Gegen diesen Bescheid richtet sich die vorliegende, Rechtswidrigkeit seines Inhaltes und Rechtswidrigkeit infolge Verletzung von Verfahrensvorschriften geltend machende Beschwerde.
Der Verwaltungsgerichtshof hat in einem gemäß § 12 Abs. 1 Z. 2 VwGG gebildeten Senat erwogen:
Die Verweigerung der Ableistung des Militärdienstes - sei es durch Nichtbefolgung eines Einberufungsbefehls, sei es durch Desertion - rechtfertigt für sich allein grundsätzlich nicht die Anerkennung eines Asylwerbers als Flüchtling. Der Verwaltungsgerichtshof geht von einer asylrechtlich relevanten Furcht vor Verfolgung nur in solchen Fällen aus, in denen die Einberufung aus einem der in Art. 1 Abschnitt A Z. 2 der Genfer Flüchtlingskonvention angeführten Gründe erfolgt, in denen der Asylwerber damit rechnen müßte, daß er hinsichtlich seiner Behandlung oder seines Einsatzes während des Militärdienstes aus diesen Gründen im Vergleich zu Angehörigen anderer Volksgruppen in erheblicher, die Intensität einer Verfolgung erreichenden Weise benachteiligt würde oder in denen davon auszugehen ist, daß dem Asylwerber eine im Vergleich zu anderen Staatsangehörigen härtere Bestrafung wegen Wehrdienstverweigerung droht (vgl. insbesondere das hg. Erkenntnis eines verstärkten Senates vom 29. Juni 1994, Zl. 93/01/0377, Slg. Nr. 14.089/A). Der Beschwerdeführer hat anläßlich seiner Einvernahme vor der Behörde erster Instanz ausgeführt, er werde als Christ - die Christen würden von den Moslems seit Jahrzehnten unterdrückt - in den mehrheitlich von Christen bewohnten Süden seines Heimatlandes versetzt und dort gegen die christlichen Freischärler eingesetzt. Er wolle als Christ jedoch nicht gegen seine christlichen Landsleute kämpfen. Er behauptet somit eine aufgrund der Zugehörigkeit zur christlichen Religion erfolgende Behandlung während des Militärdienstes, die ihn einem vorprogrammierten Gewissenskonflikt aussetzt. Träfen die Behauptungen des Beschwerdeführers zu, so könnte ihnen nicht ohne Durchführung von Ermittlungen (etwa darüber, welche Praxis seitens der sudanesischen Behörden betreffend die Verwendung von Wehrpflichtigen christlicher Religion im Vergleich zur Verwendung von Angehörigen der moslemischen Glaubensgemeinschaft im Sudan gepflogen wird) die asylrechtliche Relevanz abgesprochen werden (vgl. das hg. Erkenntnis vom 4. September 1996, Zl. 95/20/0297).

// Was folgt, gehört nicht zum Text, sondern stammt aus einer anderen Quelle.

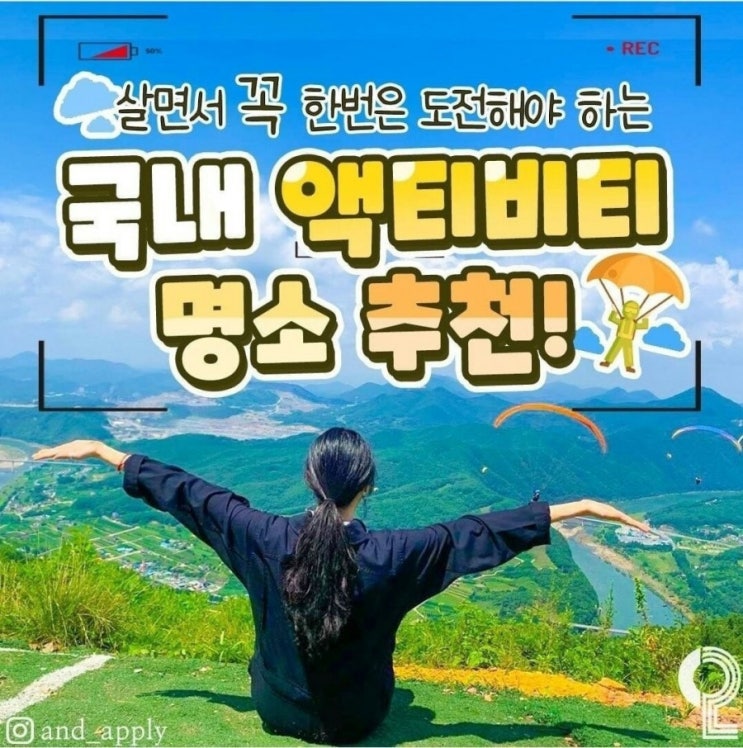  살면서 꼭 한번은 도전해야 하는 국내 액티비티 명소 추천
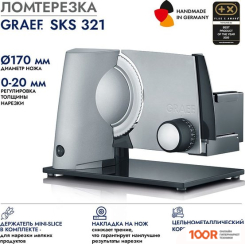 Ломтерезка Graef SKS 321 SILVER (143973)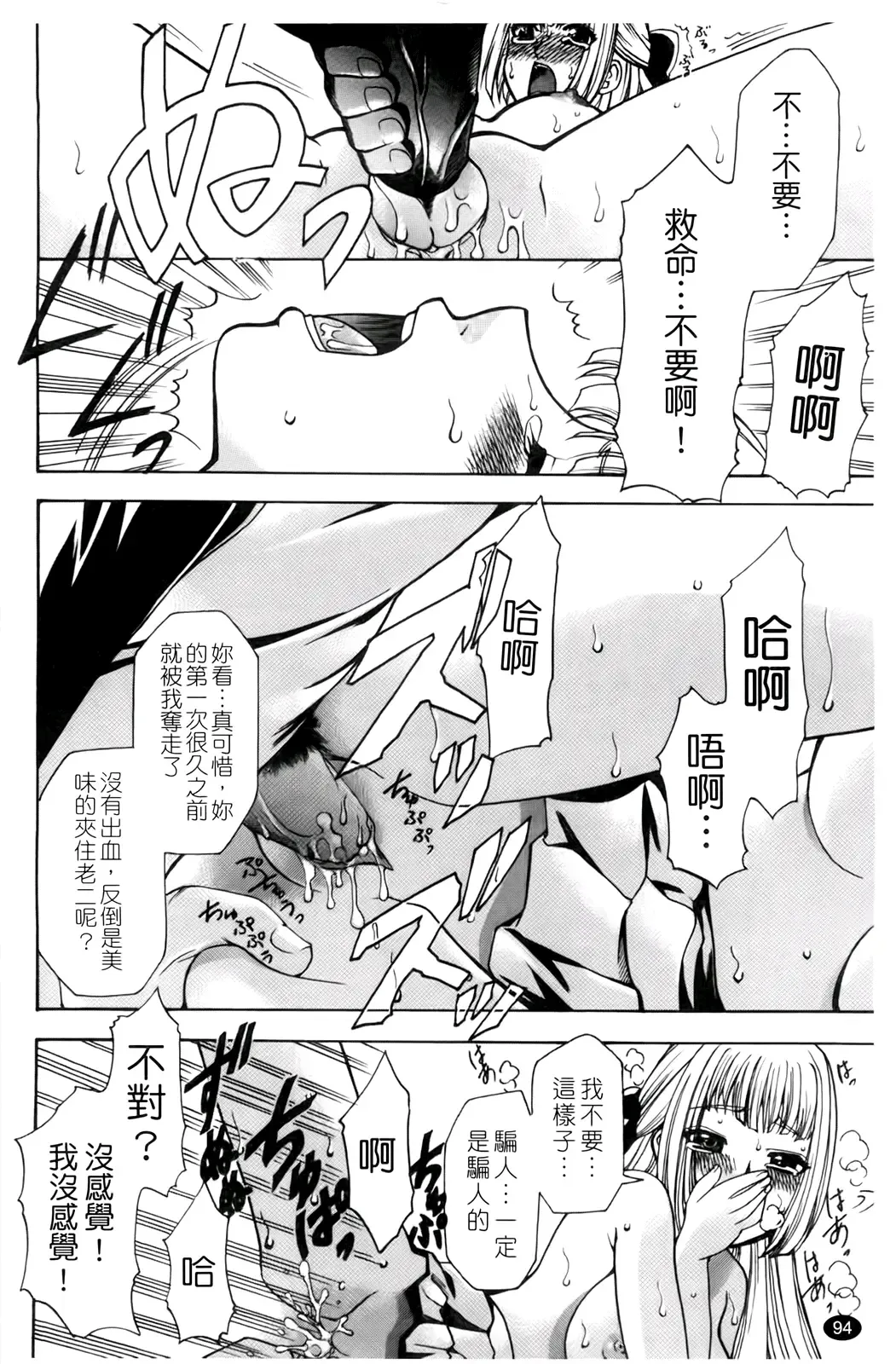 [Kouzuki Rio] Saiminjutsu de Kanojo o Midara ni Suru Houhou | 性奴催眠術 Fhentai.net - Page 97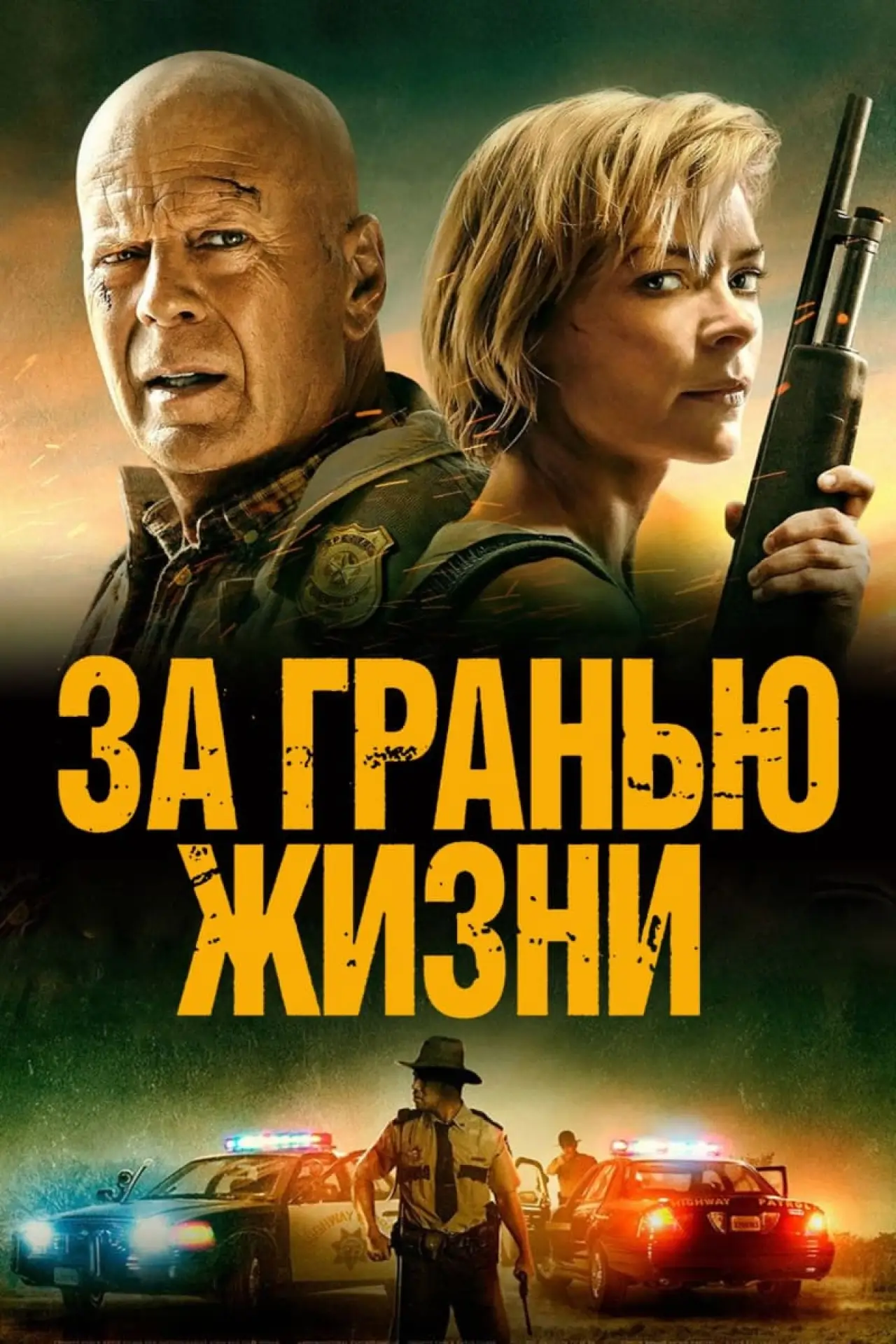 Постер к фильму "За гранью жизни"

Dadurch, daß die belangte Behörde dies verkannte, erweist sich der angefochtene Bescheid mit Rechtswidrigkeit seines Inhaltes belastet, weil sie die erforderlichen Ermittlungen aufgrund einer unrichtigen Rechtsansicht unterließ (sekundärer Verfahrensmangel), weshalb er gemäß § 42 Abs. 2 Z. 1 VwGG aufzuheben war.
Der Ausspruch über den Aufwandersatz gründet sich auf die §§ 47 ff VwGG in Verbindung mit der Verordnung BGBl. Nr. 416/1994.